On assiste à un assaut sans précédent pour tenter d’affaiblir l’enseignement républicain et laïque au profit de l’enseignement privé et confessionnel. En principe, la République « ne reconnaît, ne salarie, ni ne subventionne aucun culte ». En coulisse, tout est fait pour torpiller l’esprit de cette loi dès qu’il s’agit d’éducation nationale.
Dans la plus grande discrétion, tout un pan du discours prononcé par Nicolas Sarkozy à Saint-Jean-de-Latran vient d’entrer en vigueur. On se souvient de cette phrase dans laquelle le président plaçait le prêtre au-dessus de l’instituteur « dans la transmission des valeurs ». Depuis, il a tenté de minimiser. Ces mots traduisent pourtant une vision de la transmission et de l’enseignement que son gouvernement applique à la lettre.

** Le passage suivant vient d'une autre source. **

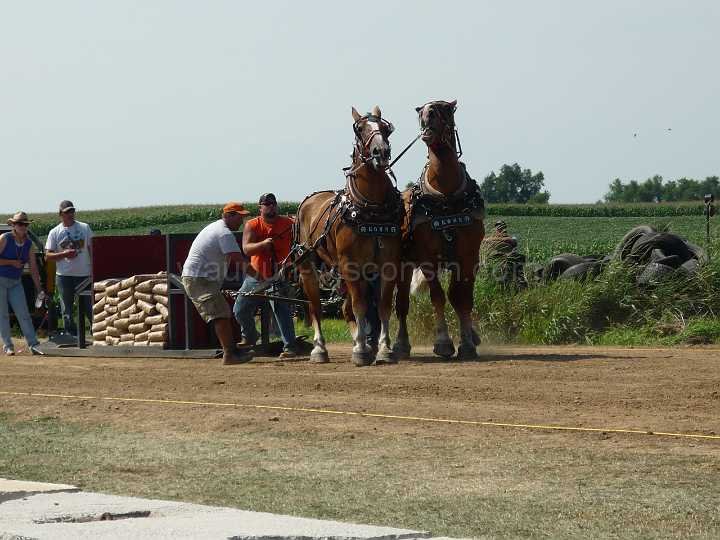 alto-fair-horse-pull-2009-266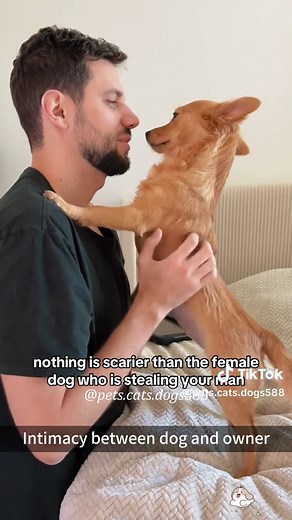 Dogs are best gift God has given to humans ❤️❤️❤️ #dog#doglove#baby #cute #love#dogsoftiktok #dogsbabylove#dogsvideo#bestfriend#funnybaby#puppylove#pet #foryou #animals #typ#heartwarming #pets#tiktok#usa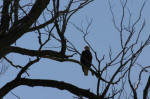 State Bald Eagle Day Set for Feb. 4 in Sanpete County Annual Event to be Held in Fountain Green.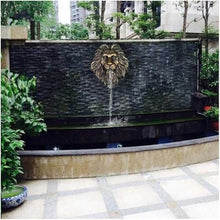 Wall Mounted Lion Head Nozzle Fountain, Indoor/Outdoor 3D Faux Taxidermy Water Feature Wall Art Fountains, for Patio Backyard Pond Decor.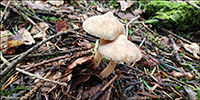 Inocybe geophylla coll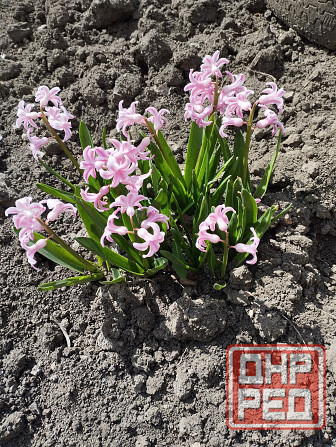 Луковичные цветы Мариуполь - изображение 1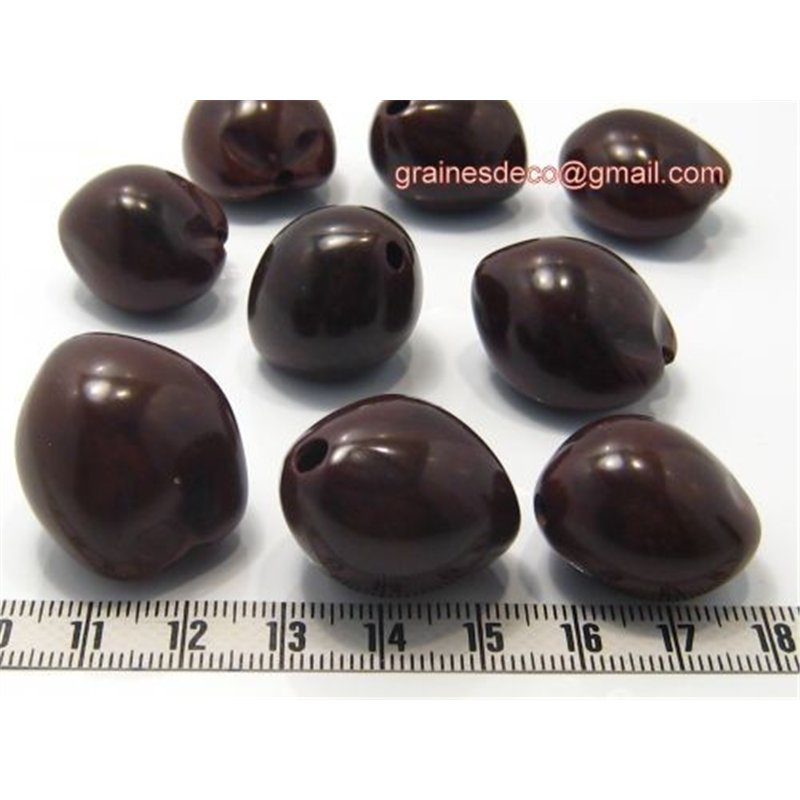 Noix de Bancoule marron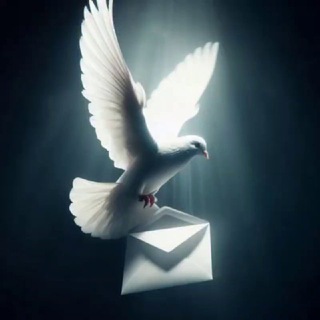 Telegram profile photo for رهایی | ترک پورنوگرافی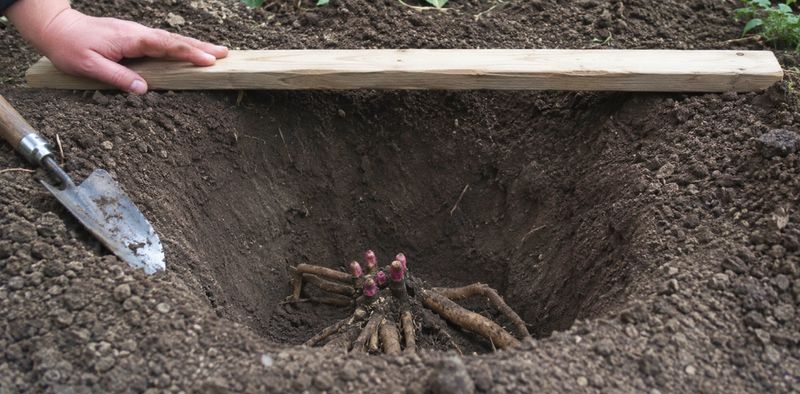 Plant Eyes No More Than 2 Inches Deep Plant Eyes No More Than 2 Inches Deep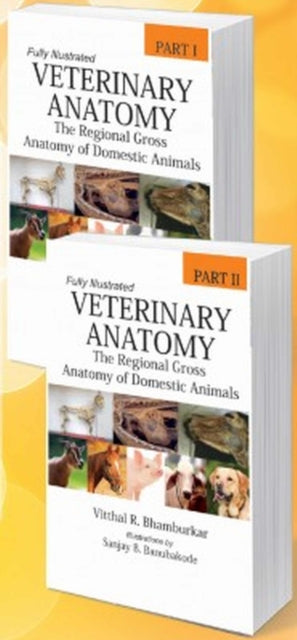 Veterinary Anatomy: The Regional Gross Anatomy of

Dans une autre partie de son discours, moins célèbre, le président regrettait que la République ne reconnaisse pas la « valeur des diplômes délivrés par les établissements d’enseignement supérieur catholique ». On pensait à la reconnaissance de diplôme de théologie… Ils n’ont pas à être validés par la République puisqu’elle ne « reconnaît aucun culte ». Mais le président s’obstine. Notamment avec l’arrière-pensée de pouvoir estampiller la formation des imams rêvée par le ministère de l’intérieur mais dispensée par la Catho. Un bricolage qui ne fait que renforcer l’impression d’une gestion postcoloniale de l’islam, donc la propagande islamiste. Tout en tuant à coup sûr l’esprit de 1905.
L’affaire est plus grave qu’il n’y paraît. Les décrets de cet accord – signé en catimini entre la France et le Vatican le 18 décembre 2008 – viennent de tomber. Ils prévoient la « reconnaissance mutuelle des diplômes de l’enseignement supérieur délivré sous l’autorité compétente de l’une des parties ». Or cette « reconnaissance » ne vaut pas seulement pour les matières théologiques mais aussi profanes. Autrement dit, le baccalauréat ou d’éventuels masters.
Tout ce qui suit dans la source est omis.